(EXERCISE OBJECTIVE)
Transcribe exactly the stretch of lines beginning at the one containing "21345 E Via" and closing with the last line of the entries below. Omit images.

** DATA TO USE follows **

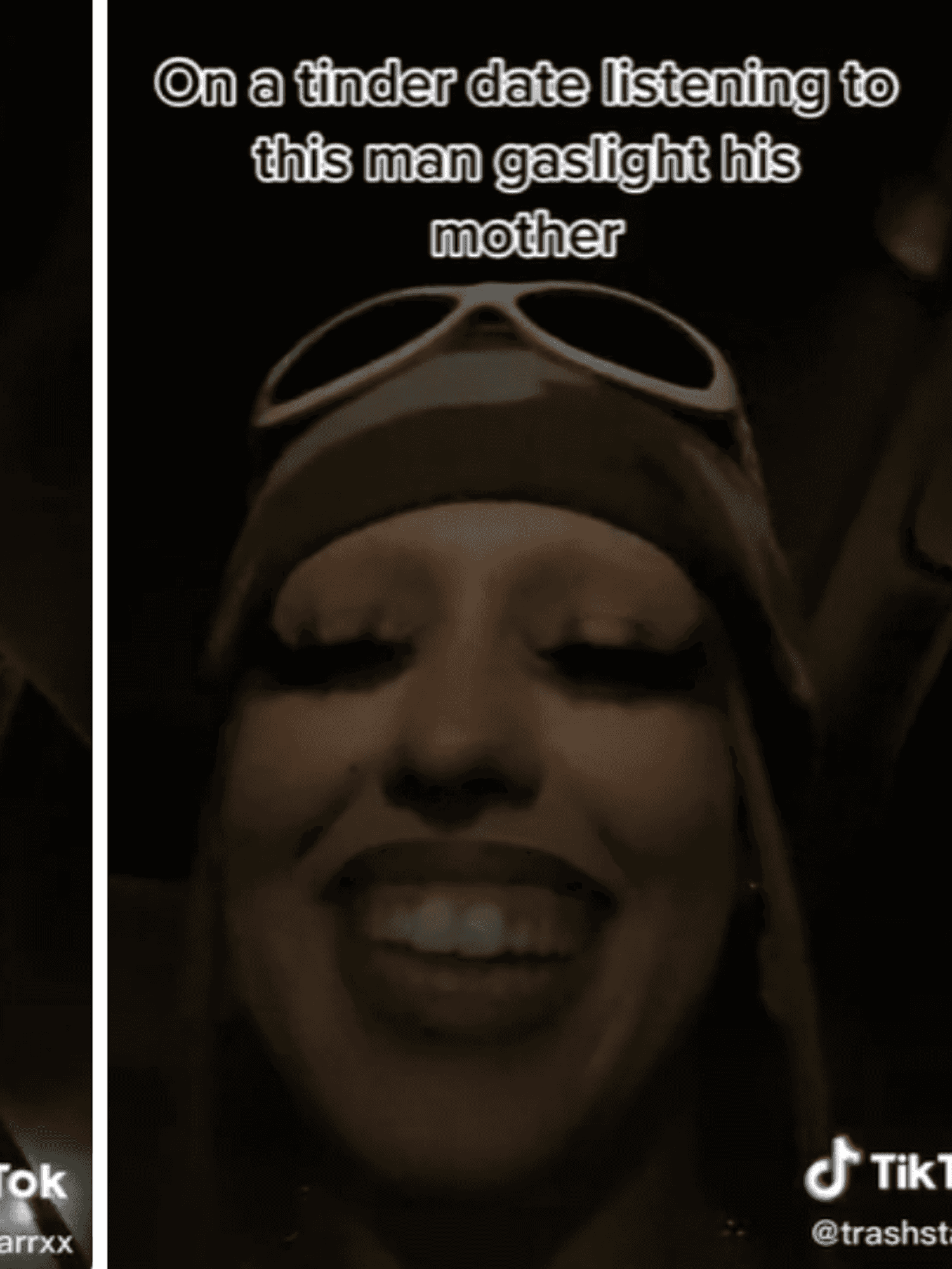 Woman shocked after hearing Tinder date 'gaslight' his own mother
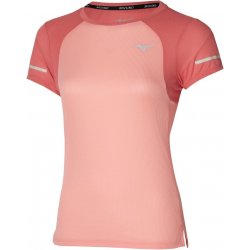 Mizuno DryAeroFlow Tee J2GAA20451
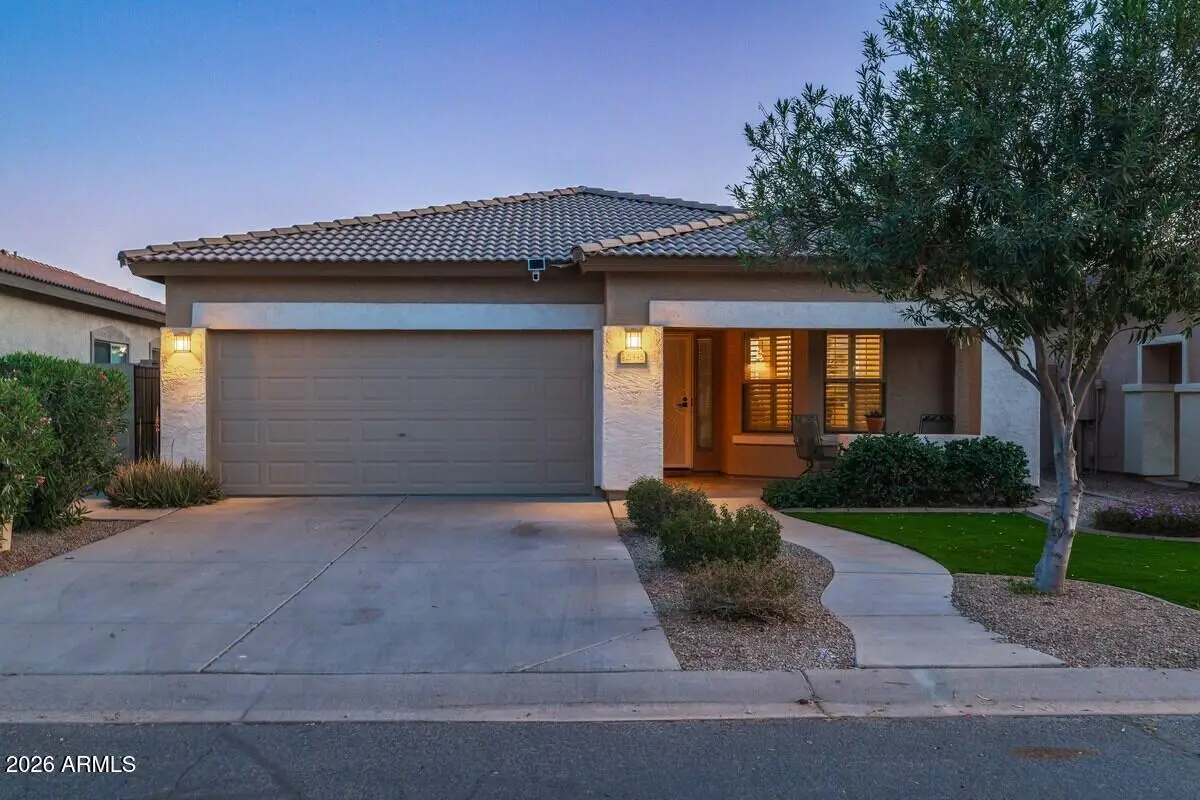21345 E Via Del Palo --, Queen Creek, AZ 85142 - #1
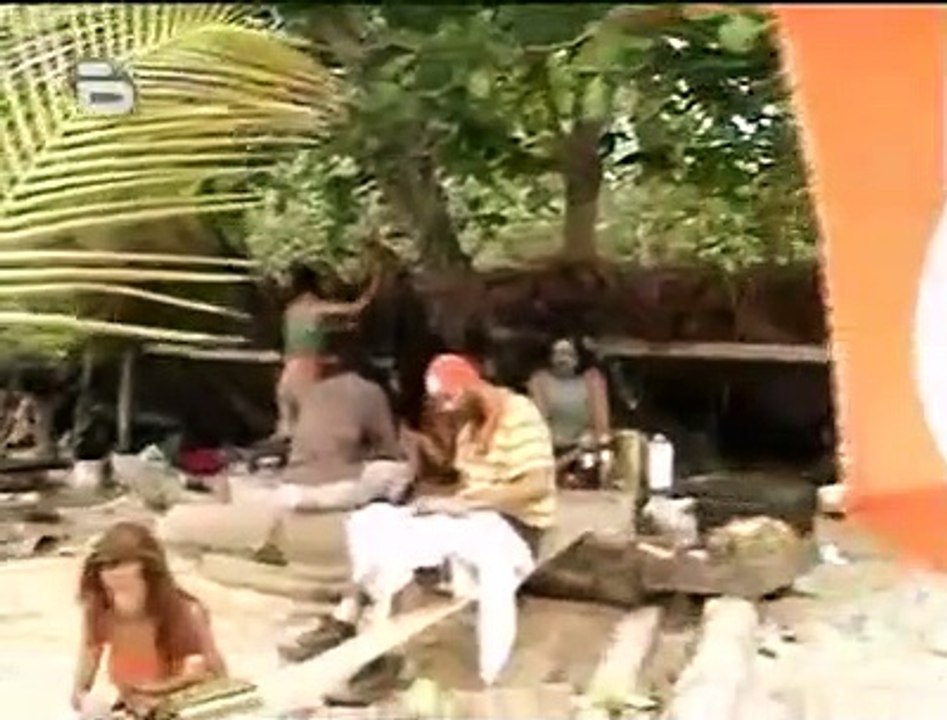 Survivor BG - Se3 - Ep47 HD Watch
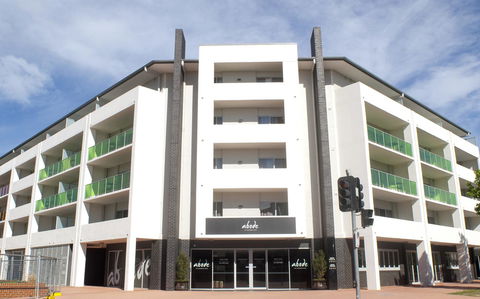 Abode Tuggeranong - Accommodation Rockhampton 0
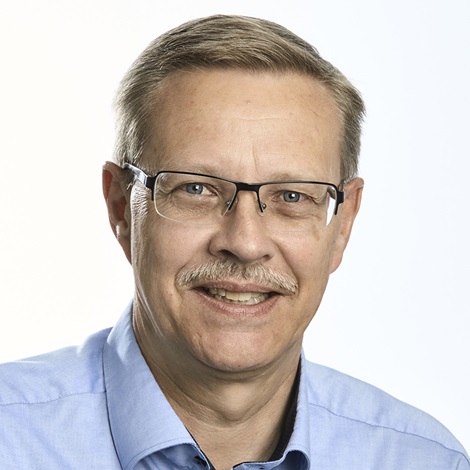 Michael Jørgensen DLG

** End of DATA TO USE **

(OUTPUT OF THE TASK)
21345 E Via Del Palo --, Queen Creek, AZ 85142 - #1
 Survivor BG - Se3 - Ep47 HD Watch
 Abode Tuggeranong - Accommodation Rockhampton 0
 Michael Jørgensen DLG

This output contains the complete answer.